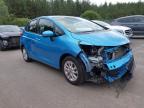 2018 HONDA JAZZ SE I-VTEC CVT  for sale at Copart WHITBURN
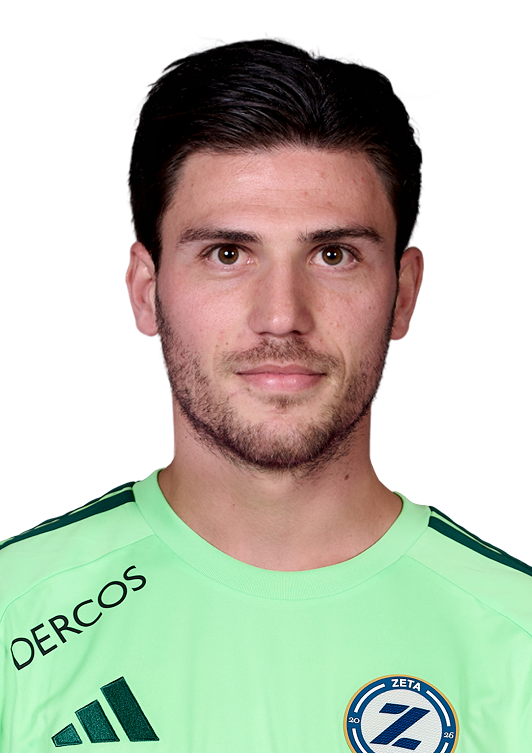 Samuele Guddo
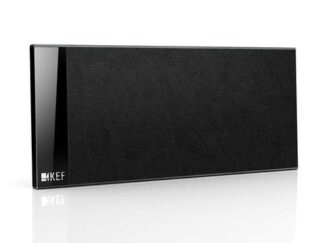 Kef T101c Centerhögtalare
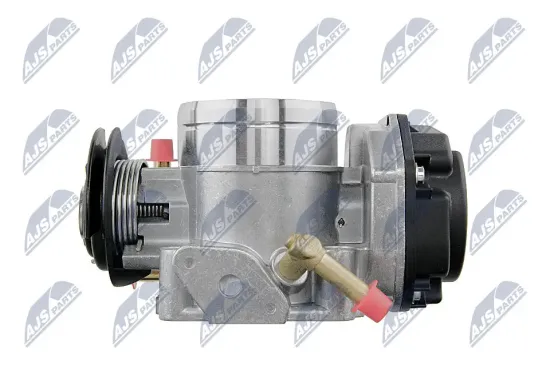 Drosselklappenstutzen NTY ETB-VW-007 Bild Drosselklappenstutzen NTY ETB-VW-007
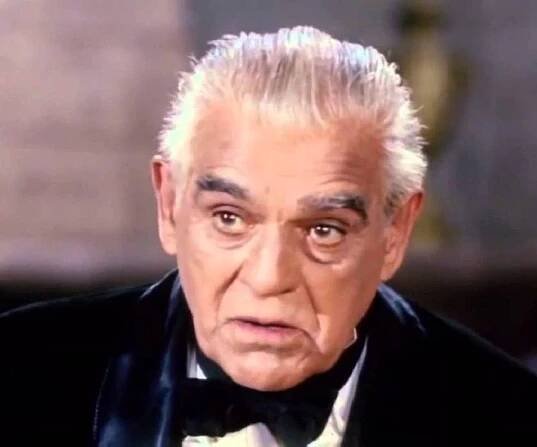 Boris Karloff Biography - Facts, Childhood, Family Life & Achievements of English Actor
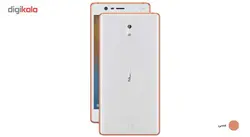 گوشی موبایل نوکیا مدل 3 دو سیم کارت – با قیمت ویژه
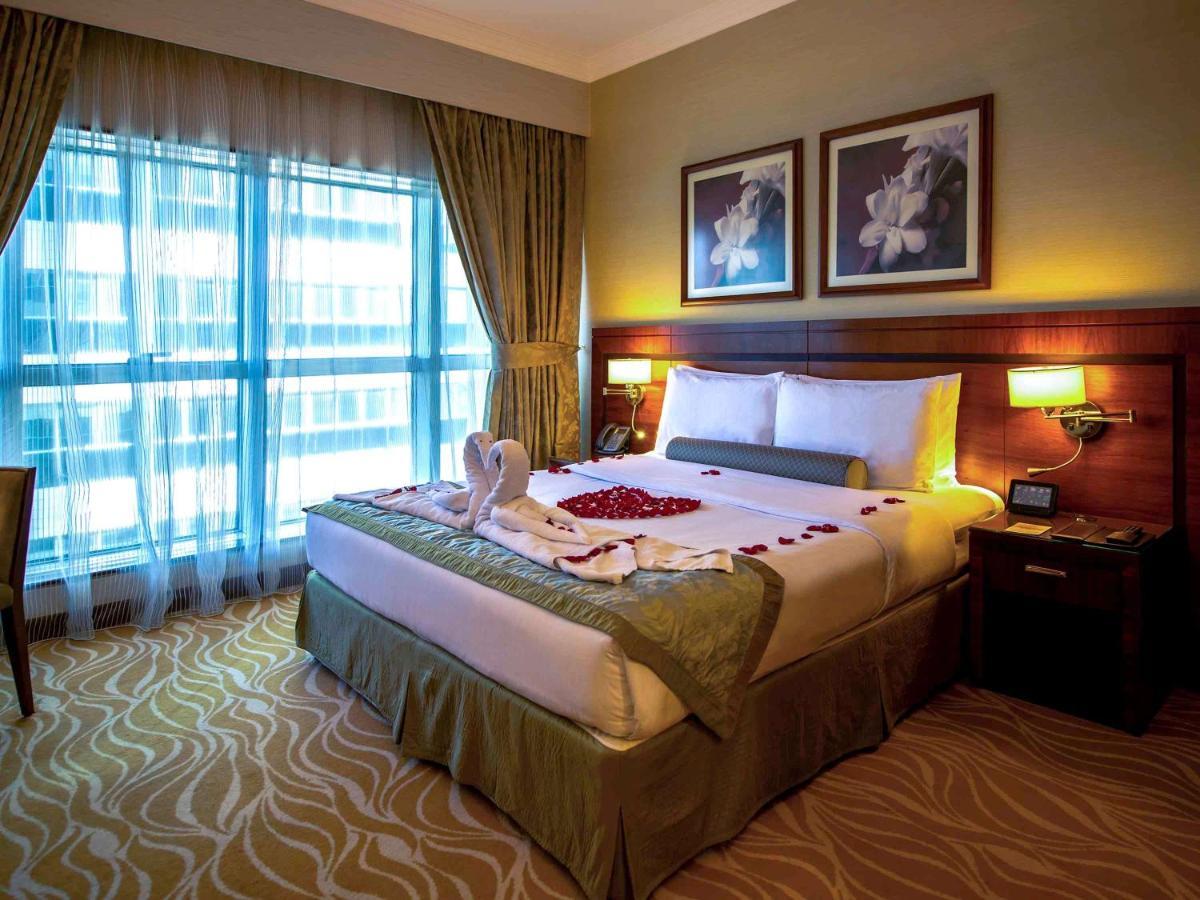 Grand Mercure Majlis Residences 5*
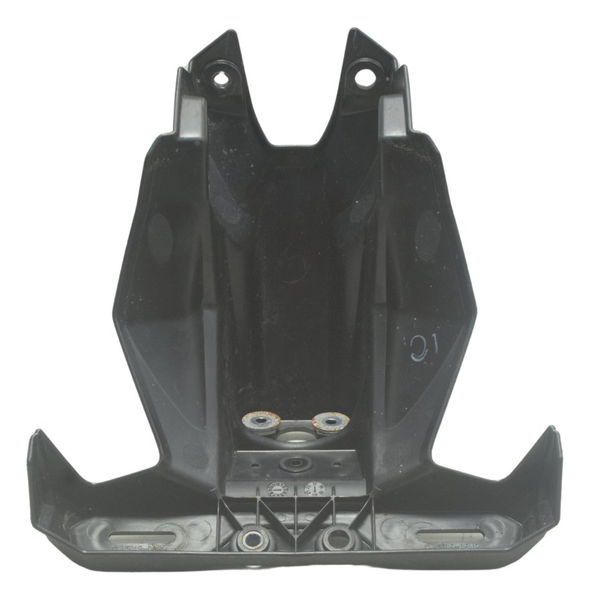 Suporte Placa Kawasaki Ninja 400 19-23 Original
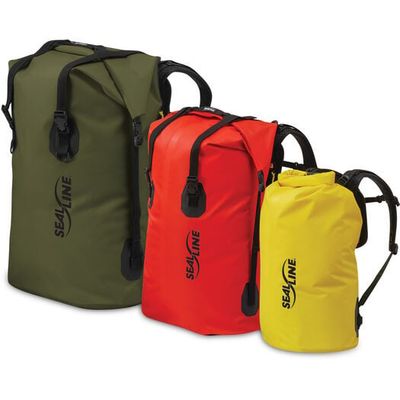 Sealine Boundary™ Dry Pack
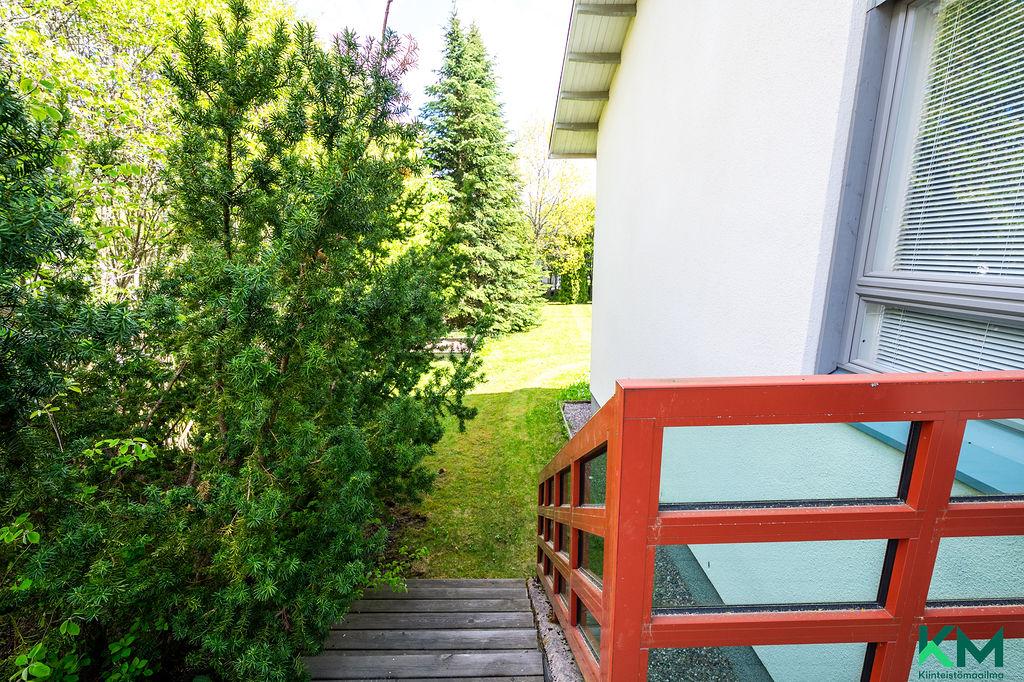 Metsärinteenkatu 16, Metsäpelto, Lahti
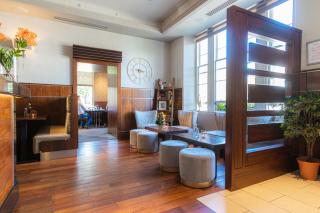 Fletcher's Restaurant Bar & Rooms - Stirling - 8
· · · ·
Work task:
Your task is to repeat the entries above exactly, omitting the pictures.

Exercise result:
 2018 HONDA JAZZ SE I-VTEC CVT  for sale at Copart WHITBURN
 Samuele Guddo
 Kef T101c Centerhögtalare
 Drosselklappenstutzen NTY ETB-VW-007 Bild Drosselklappenstutzen NTY ETB-VW-007
 Boris Karloff Biography - Facts, Childhood, Family Life & Achievements of English Actor
 گوشی موبایل نوکیا مدل 3 دو سیم کارت – با قیمت ویژه
 Grand Mercure Majlis Residences 5*
 Suporte Placa Kawasaki Ninja 400 19-23 Original
 Sealine Boundary™ Dry Pack
 Metsärinteenkatu 16, Metsäpelto, Lahti
 Fletcher's Restaurant Bar & Rooms - Stirling - 8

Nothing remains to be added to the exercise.